Simplifier les éléments de construction, et ramener les charges sur une portée d’une solidité éprouvée et garantie par la nature du métal lui-même, en outre, obtenir une économie notable dans l’exécution, tel est le mérite intrinsèque du pont du quai d’Orsay.

La science dans les calculs positifs vise toujours plus à l’utile qu’à l’agréable. Pour nous, qui voudrions que l’art fût fraternellement et en toute circonstance allié à la science, nous avons examiné au point de vue de la forme ce pont dont les qualités mécaniques nous sont maintenant connues.

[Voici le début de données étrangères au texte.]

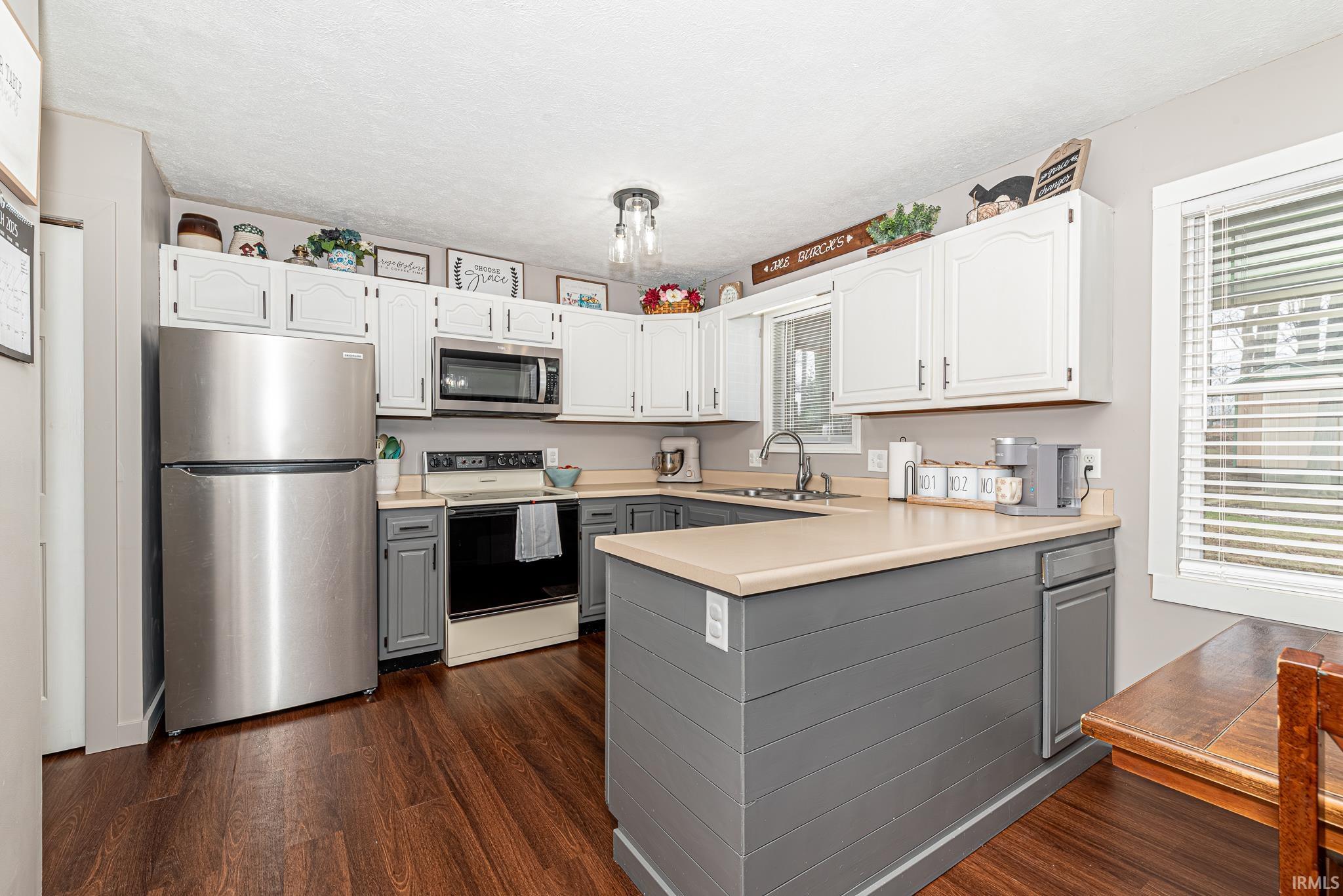 306 Shorewood Court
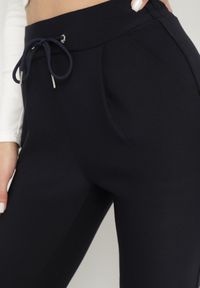 Born2be - Granatowe Spodnie o Dopasowanym Kroju z Wysokim Stanem i Wiązaniem Virpio. Okazja: na co dzień. Stan: podwyższony. Kolor: niebieski. Materiał: jedwab. Wzór: aplikacja. Styl: casual, klasyczny #3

Nous aurions peut-être désiré que la monotonie de la ligne droite qui compose exclusivement le sommet des triangles à bases curvilignes situés sur les façades verticales de droite et de gauche du pont, fût un peu rompue par quelques ornements, destinés à rendre moins sévère et moins aigu à l’œil son aspect général.

Cependant les tympans à treillis sont moins rudes de dessin que certains modes d’ajustage employés, par exemple les fers à T, et finissent en somme par donner un caractère presque original à toute la construction elle-même. Enfin, si le charme artistique n’est pas le point dominant de ce pont remarquable, nous nous hâtons d’ajouter que ses qualités sérieuses et pratiques lui ont mérité toute notre attention et que nous nous faisons un devoir de les reconnaître en les signalant.